Future tech: there are some really interesting developments with respect to using AI to upscale video. When we encode an upscaled image, we’re no longer comparing apples to apples though (and every encode after that, you’ll still lose quality).
Maintaining maximum quality is not without drawbacks though: sheer disk space - just looking at some of the currently popular (and upcoming) recording modes and the ridiculous amount of data required to capture it all.
Without encoding, any time we press record, we would potentially be moments away from running out of storage! Thankfully virtually every camera has very efficient, built-in encoders. In ideal conditions, compression ratios in the 1:1000 range are possible. It’s because of these built-in hardware encoders that we are able to vlog at 4K using our smartphones!
Even with these astonishing compression ratios coming out of phones and cameras, if you capture a lot of video, the total storage footprint eventually becomes a problem.
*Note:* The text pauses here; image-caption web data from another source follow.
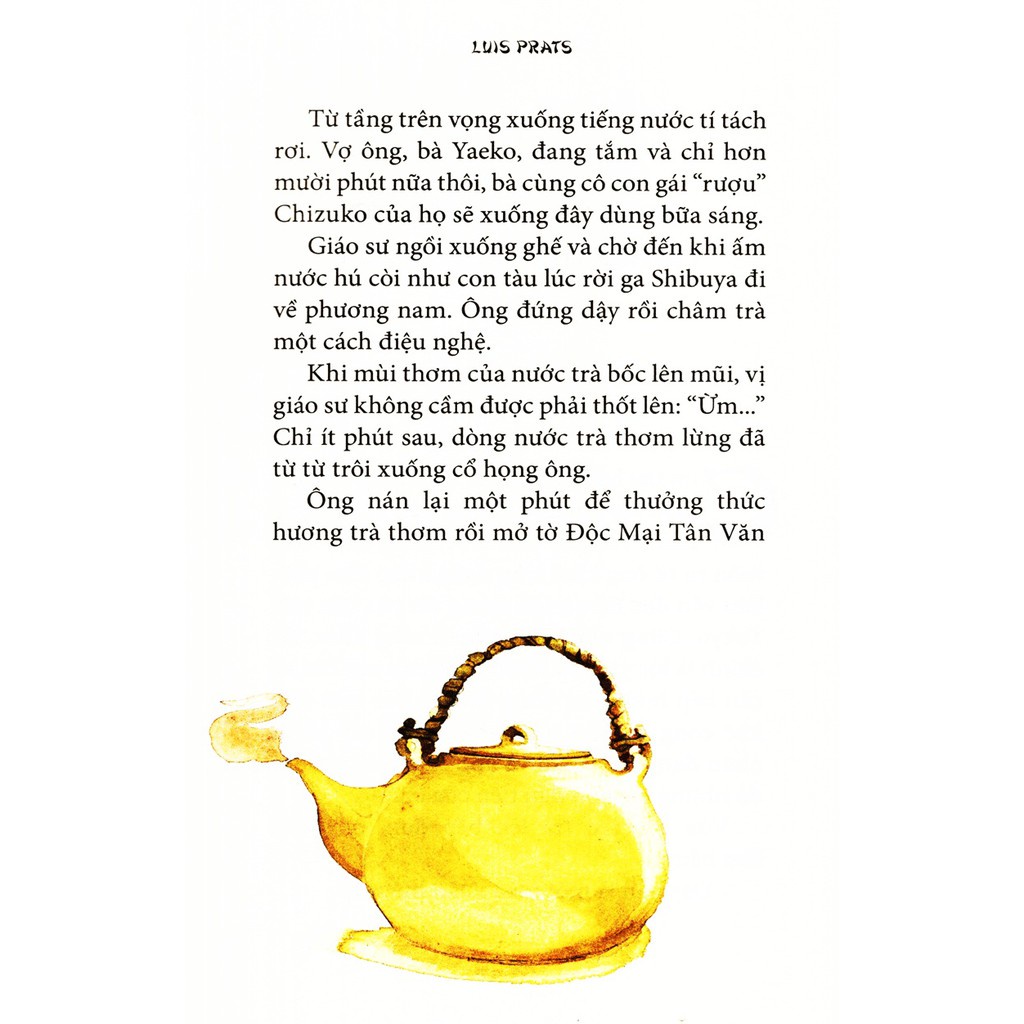 Sách Hachiko - Chú chó đợi chờ - NXB Kim Đồng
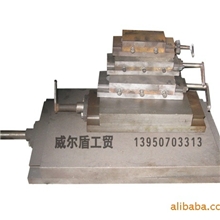 供应燕尾拖板.拖板.导轨.----厂家直销福建威尔盾工贸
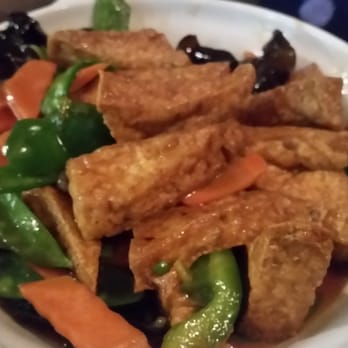 Ke Zhang - Braised tofu - Chinese Near Me - Flushing, New York Ke Zhang - Braised tofu - Chinese Near Me - Flushing, New York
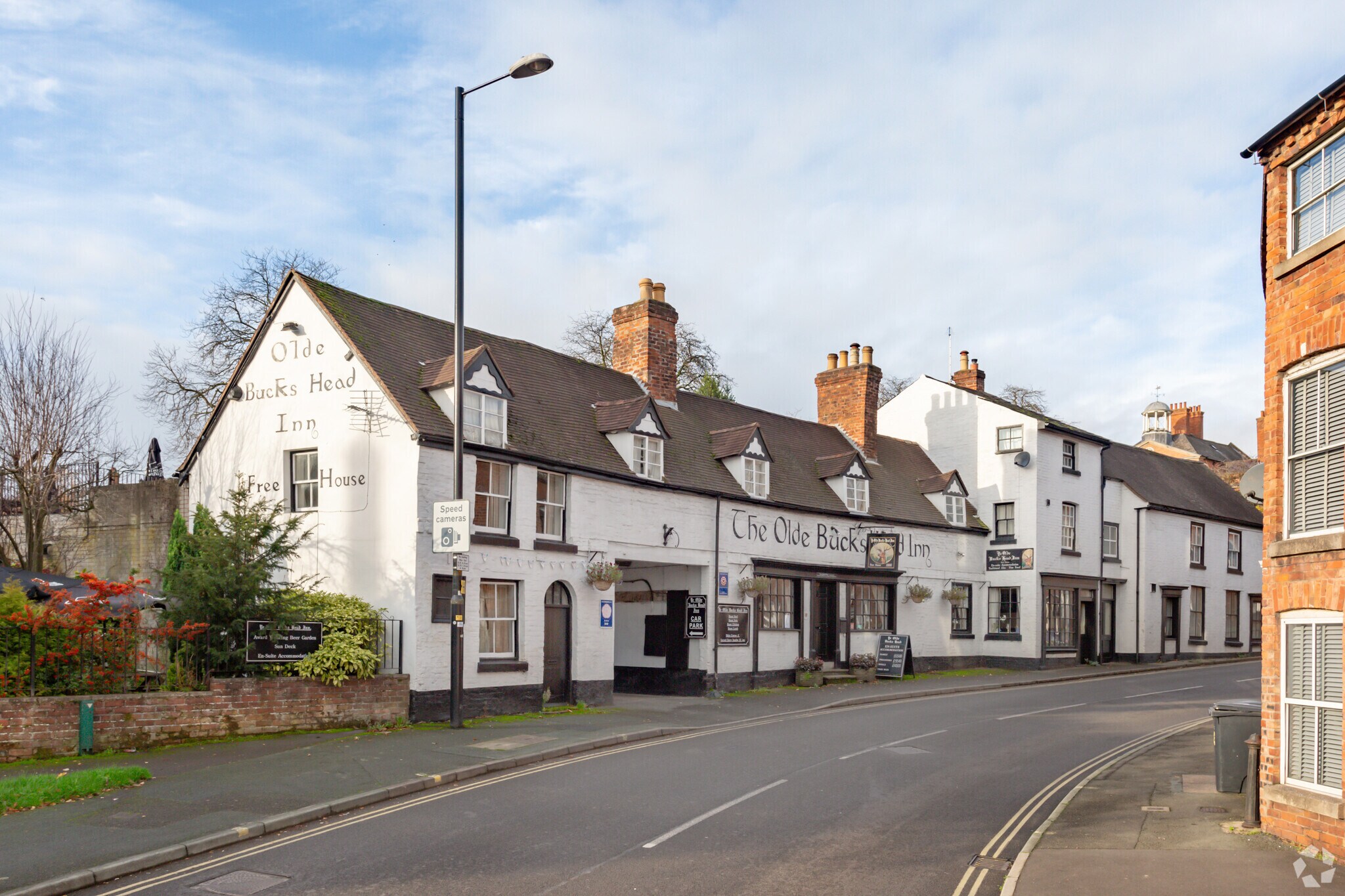 53 Frankwell, Shrewsbury for sale Primary Photo- Image 1 of 1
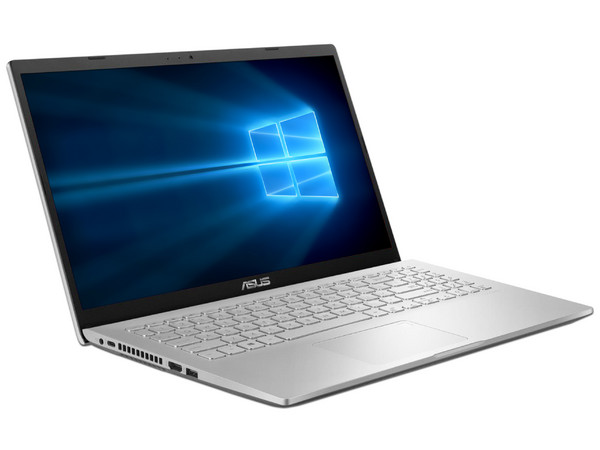 Laptop ASUS A509FA:
Procesador Intel Core i7 8565U (hasta 4.60 GHz),
Memoria de 8GB DDR4,
Disco Duro de 1TB,
SSD de 128GB,
Pantalla de 15.6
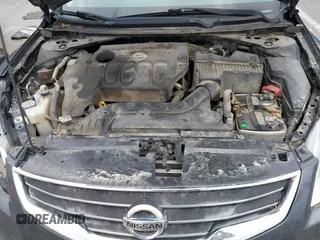 2012 Nissan Altima 2.5 SL with VIN 1N4AL2AP9CC158302, listed as a IAAI auction lot 41441888 with 187,952 mi miles. Bid and sale history available at carsss.com. Image 10.
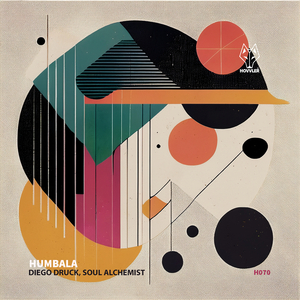 Humbala (Gustavo Lobo Remix)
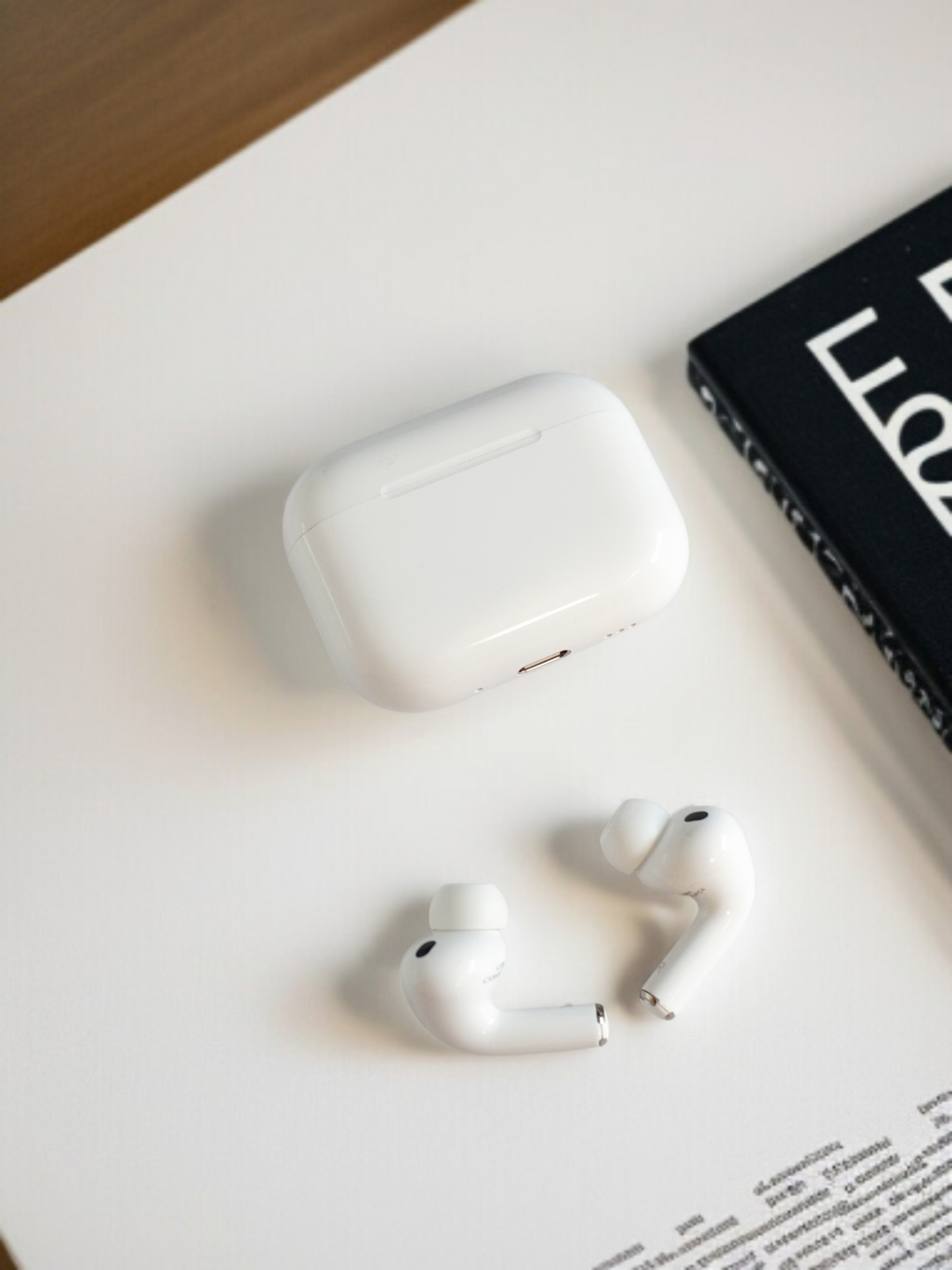 AirPods Pro 3 With Noise Cancellation | Free 5000mAH Mag Safe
There are a bunch of obvious scenarios where you need to stay on top of your storage needs:
24x7 security camera footage that you might need to hold on for a certain duration
Dash-cam footage from your fleet of vehicles that you might need to hold on for a certain duration
You’re an active streamer or YouTuber and you want to keep a copy of your videos in case something happens
You film coursework for online learning
You want to get into filmmaking and have a ton of multi-angle/B-roll footage
You like to vlog regularly
This is where we start to look at transcoding our content - to take that one-time (hopefully small!) image quality hit to substantially reduce the storage footprint.
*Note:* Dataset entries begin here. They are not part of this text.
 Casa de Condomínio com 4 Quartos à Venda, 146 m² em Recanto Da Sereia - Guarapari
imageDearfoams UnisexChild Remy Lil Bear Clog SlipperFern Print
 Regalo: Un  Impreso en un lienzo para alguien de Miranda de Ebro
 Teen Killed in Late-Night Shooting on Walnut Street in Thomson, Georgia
Every codec is a compromise of compression, quality, speed and ease of playback; the impact of these compromises will vary depending on your specific needs. To start,
How much compression do you need?
How long will you keep this video for?
How will the video be consumed now?
How critical is image quality?
What resources do you have available to encode?
The first step is to categorize whether or not GPU encoding is a good fit. There are some easy options:
Streamers: short of a dedicated recording machine, almost every other scenario will likely be best served by GPU encoding
Content creators: this will vary depending on how fast you have to get content delivered and whether or not you will ever go back to reference it later, perhaps as B-roll. In most case, at higher settings, GPU encoding will offer enough compression and performance to justify any hit to quality
Security or dashcam footage: if the priority is getting the footage offsite, then GPU encoding is a no-brainer; the encoding time spend crushing down the file size will be more than paid back on savings uploading the file
CPU vs GPU
CPU encoding will categorically give you a better image quality and almost certainly give you a substantially more compressed file. You also have more codecs to choose from (that don’t need ‘special’ hardware) and as you upgrade your equipment you can keep your existing workflow - everything just runs faster.
GPU encoding though, is stupid-fast. While you won’t get the same amount of compression as CPU encoding, you can still get enough compression that it may not matter. While the image quality will never match CPU encoding, as you work with higher resolution videos, there’s more leeway (quality-wise) in what you can get away with. This ultimately comes back to just how silly-fast the encode process is.
Depending on your specific scenario, the best suggestion is to run some tests that represent your typical convent and your typical workflow to narrow down which codec and encoder makes the best sense.
This is something I’ll cover in much more depth in a future post.